Road operator: this is the entity that manages roadways to meet local objectives. Generally, this may mean maintenance of traffic flows and responding to safety incidents. The road operator may need to monitor the road situation and provide information to the road users. This road operator plays a significant role in most ITS services. This user group represents the critical infrastructure side of an ITS network.
Vehicle Drivers: this is the second user group that is composed of vehicle drivers. The main objective of this group is to reach their destination without accidents, and efficiently. This is the group of users in a typical system that constitutes the end-users of the ITS service. This group of users also indirectly become the source of much of performance data of the roads. The data may be collected via remote sensing, or actively gathered by the vehicle and provided via a third-party.
Travelers or Pedestrians: this is the third user group that uses ITS services. These users may utilize ITS to get traffic information, plan their travel, use the transit services or request emergency assistance.
Objectives of ITS system
For different regions to benefit from ITS, they may consider different objectives. Broadly the objectives may be categorized into five main areas:
- Safety (e.g., Forward Collision Warning, Blind Spot/Lane Change Warning, Emergency Electronic Brake Lights)
- Mobility (e.g., Signal Priority, Emergency Vehicle Preemption, Cooperative adaptive cruise control)
- Environmental (e.g., Dynamic Eco-routing – light vehicle / transit / freight, Low Emission zone management)
- Regulatory (e.g., Vehicle classification, tolls)
- Convenience (e.g., Ride-share, parking)
Driving Automation
The SAE J3016, Recommended Practice: Taxonomy and Definitions for Terms Related to Driving Automation Systems for On-Road Motor Vehicles, commonly referenced as the SAE Levels of Driving Automation, has been the most-cited industry source for driving automation. The SAE’s six levels of driving automation provide a taxonomy with detailed definitions of driving automation, ranging from from Level 0 (no driving automation) to Level 5 (full driving automation) in the context of motor vehicles and their operation on roadways by describing the driving automation systems.

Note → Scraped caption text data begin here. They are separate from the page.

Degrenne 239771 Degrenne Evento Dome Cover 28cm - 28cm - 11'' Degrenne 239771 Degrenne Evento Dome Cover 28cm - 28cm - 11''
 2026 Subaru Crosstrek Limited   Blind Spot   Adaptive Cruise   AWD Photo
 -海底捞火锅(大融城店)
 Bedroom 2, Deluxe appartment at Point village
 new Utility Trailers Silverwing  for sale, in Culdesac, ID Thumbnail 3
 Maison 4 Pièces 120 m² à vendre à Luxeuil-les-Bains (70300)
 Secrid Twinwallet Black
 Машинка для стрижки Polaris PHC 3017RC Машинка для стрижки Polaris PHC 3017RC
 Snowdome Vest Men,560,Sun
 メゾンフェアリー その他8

The National Highway Traffic Safety Administration (NHTSA) under the US Department of Transportation adopted the SAE automation levels in their vision for safety publication .
Emergence of connected automated driving
While the overall transport systems have been improving, the vehicles themselves have been in a state of transformation with more intelligence within the vehicle. Connected vehicles are also becoming more prevalent. The NHTSA and the European Road Transport Research Advisory Council (ERTRAC) recognize that automated driving is a strong force towards improved experience for road users. The NHTSA page on Automated Vehicles for Safety and the ERTRAC roadmap on Connected Automated Driving Roadmap list that the main drivers for higher levels of Automated Driving are:
- Safety: Reduce accidents caused by human errors.
- Efficiency and environmental objectives: Increase transport system efficiency and reduce time in congested traffic by new urban mobility solutions. Also, smoother traffic will help to decrease the energy consumption and emissions of the vehicles.
- Comfort: Enable user’s freedom for other activities when automated systems are active.
- Social inclusion: Ensure mobility for all, including elderly and impaired users.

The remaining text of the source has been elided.